NEW YORK -- It shouldn't be possible for one October swing of the bat to change a game, change the course of postseason events, change the fate of so many lives.
And now, some day, if the Mets go on to win this World Series, you can ask another man.
For a few minutes Wednesday night, the Mets looked like a team in danger of seeing their magical season skid off an October cliff. And then Reyes took his first swing of the evening.
A thigh-high Chris Carpenter two-seamer was heading his way. Reyes lifted the back of his front foot, planted, uncoiled and uppercutted a baseball through the ionized Flushing Meadow sky.
It sailed toward the 371-foot sign in right-center field. Juan Encarnacion took off after it from straightaway right field. Jim Edmonds burst toward the gap from his spot in center. And then it began to dawn on you -- and them -- what this was.
First, Edmonds began to slow down. Then Encarnacion reached the fence and hit the brakes. Only the baseball kept going. And going. Until it plopped in front of the giant scoreboard. And the baseball earth was suddenly spinning in a whole different orbit.

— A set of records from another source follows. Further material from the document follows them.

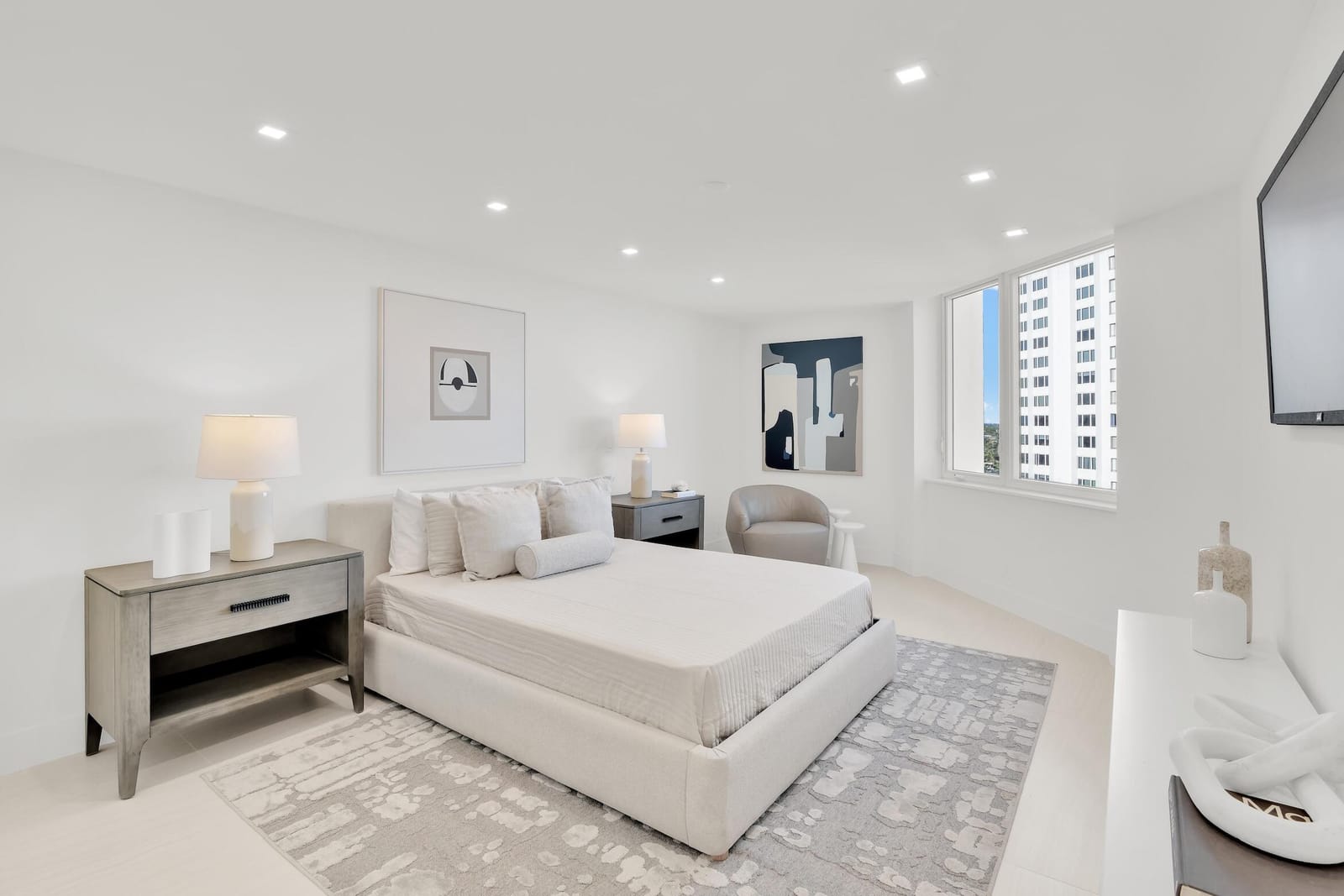 550 S Ocean Boulevard 1001, Boca Raton, FL 33432 photo 27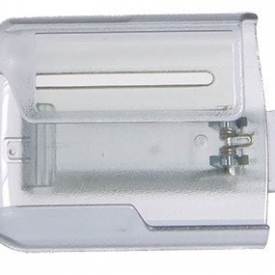 Consumer Electronic Products Unication Alpha Elite or Elegant Replacement Pager Holster Supply Store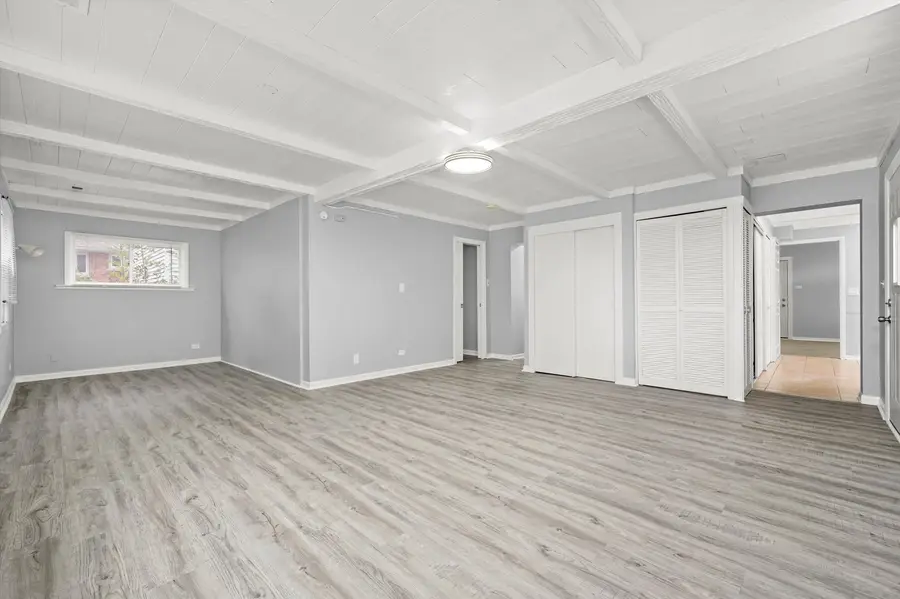 55 Apple Lane, Park Forest, IL 60466 - Image #3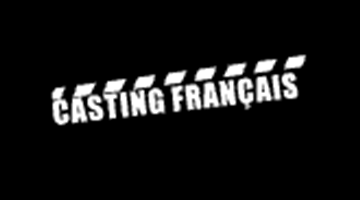 Casting Francais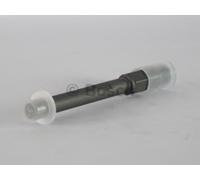 Bosch Petrol Injector 0437502019
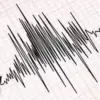 Earthquake in delhi just now: What Just Happened with the ?
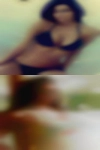 Naked girls with big bottom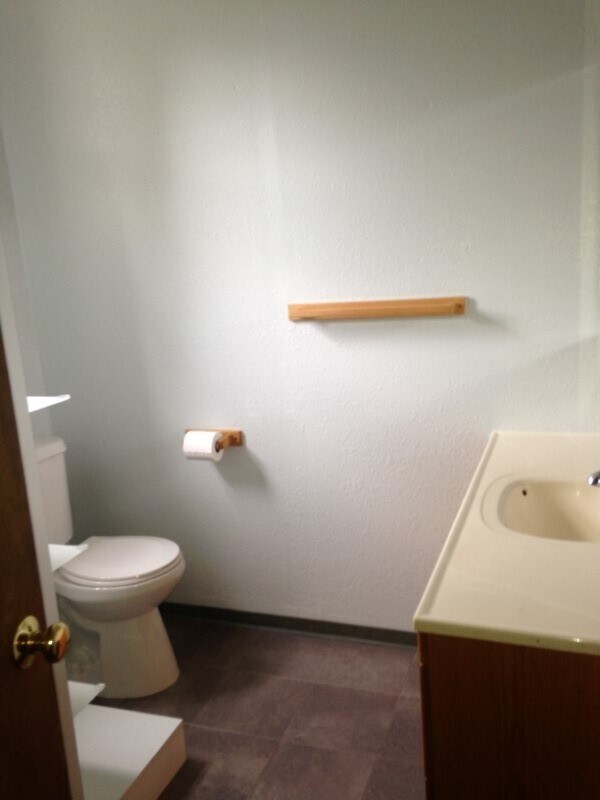 Building Photo - 1127 N 85th St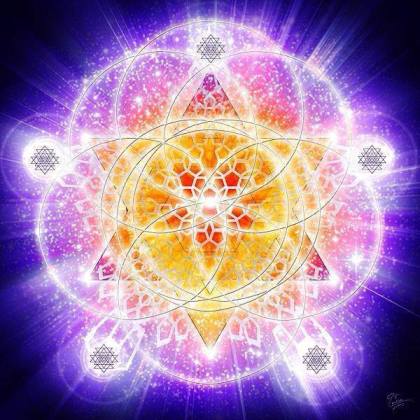 10298855_722436997779638_93929034900311624_n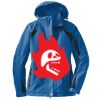 Women's All Season II Jacket Thumbnail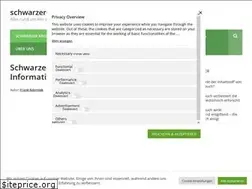 Sites similar to schwarzer-knoblauch.org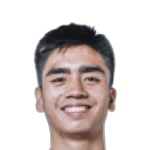 Diego Miguel Dario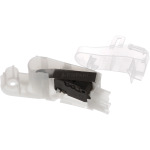 Interrupteur de porte Bosch Siemens 00623850 image 7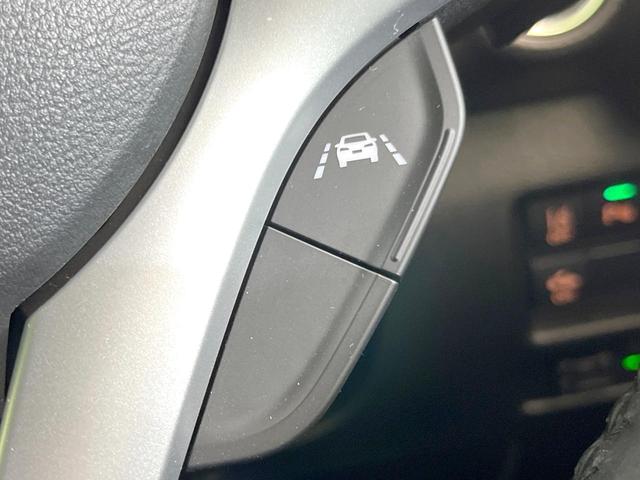 ハスラー Jスタイルターボ ルーフレール 9型ナビ 全周囲カメラ 禁煙車 スズキセーフティサポート レーダークルーズ クリアランスソナー レーンアシスト スマートキー LEDヘッド ビルトインETC 純正14インチアルミ(39枚目)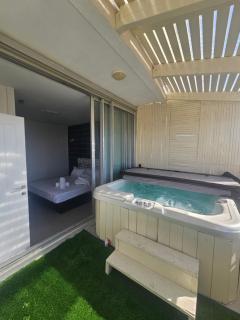 Siesta in Achziv - 8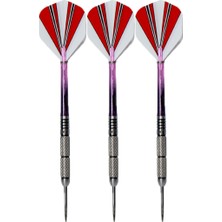 Helix Dart Oku Tungsten 22GR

"He is the energizer," said Billy Wagner of Reyes, on a night when the local leadoff whiz's game-starting homer propelled the Mets to a 4-2, NLCS-tying victory that means the Mets and Cardinals have to stagger back to Shea Stadium on Thursday for one more Game 7 tug-of-war. "He sets up the whole team."
But what Reyes sets up, others have to finish. And this was a night of many heroes for these Mets -- not just Jose Reyes. Because in baseball, it is never that simple. It is never just about one man or one swing. So this, naturally, was a game with plot lines flying in all directions.
There was the bullpen parade that followed him, chewing up 14 more gigantic outs in this relief crew's ever-growing October collection. (With who knows how many more to come Thursday, in a Game 7 that will be started by -- gulp -- Oliver Perez.)
There was catcher Paul Lo Duca, driving in two humongous seventh-inning insurance runs -- and this team would need both of them, as it turned out.
And there was Wagner, the ninth-inning nervous breakdown waiting to happen, who just had to give up two runs in the ninth before he was allowed to shake hands -- and then smiled afterward and asked: "Hey, what did you expect?"
They all figured in a Game 6 win that didn't compute: John Maine beating Chris Carpenter? How does this stuff happen, anyway?
But afterward, it felt as if none of it could have happened without the effervescent leadoff man who pours the premium unleaded into this team's engine.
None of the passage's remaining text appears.